Read the data that follows. Then repeat it exactly.
[Start of Attachment]
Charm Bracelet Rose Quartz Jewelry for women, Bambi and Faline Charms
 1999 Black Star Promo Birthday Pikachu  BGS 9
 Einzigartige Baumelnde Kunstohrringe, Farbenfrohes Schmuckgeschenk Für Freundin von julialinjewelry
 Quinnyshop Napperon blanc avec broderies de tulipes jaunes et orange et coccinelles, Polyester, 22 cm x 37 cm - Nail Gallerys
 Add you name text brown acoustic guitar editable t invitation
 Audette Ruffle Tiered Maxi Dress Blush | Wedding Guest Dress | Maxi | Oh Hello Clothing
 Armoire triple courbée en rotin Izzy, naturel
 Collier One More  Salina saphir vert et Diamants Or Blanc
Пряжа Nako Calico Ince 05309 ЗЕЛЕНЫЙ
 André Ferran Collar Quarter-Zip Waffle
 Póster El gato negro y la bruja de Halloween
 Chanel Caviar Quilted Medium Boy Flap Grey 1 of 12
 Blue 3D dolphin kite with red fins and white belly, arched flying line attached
[End of Attachment]
- **EXPECTED ANSWER**
Charm Bracelet Rose Quartz Jewelry for women, Bambi and Faline Charms
 1999 Black Star Promo Birthday Pikachu  BGS 9
 Einzigartige Baumelnde Kunstohrringe, Farbenfrohes Schmuckgeschenk Für Freundin von julialinjewelry
 Quinnyshop Napperon blanc avec broderies de tulipes jaunes et orange et coccinelles, Polyester, 22 cm x 37 cm - Nail Gallerys
 Add you name text brown acoustic guitar editable t invitation
 Audette Ruffle Tiered Maxi Dress Blush | Wedding Guest Dress | Maxi | Oh Hello Clothing
 Armoire triple courbée en rotin Izzy, naturel
 Collier One More  Salina saphir vert et Diamants Or Blanc
Пряжа Nako Calico Ince 05309 ЗЕЛЕНЫЙ
 André Ferran Collar Quarter-Zip Waffle
 Póster El gato negro y la bruja de Halloween
 Chanel Caviar Quilted Medium Boy Flap Grey 1 of 12
 Blue 3D dolphin kite with red fins and white belly, arched flying line attached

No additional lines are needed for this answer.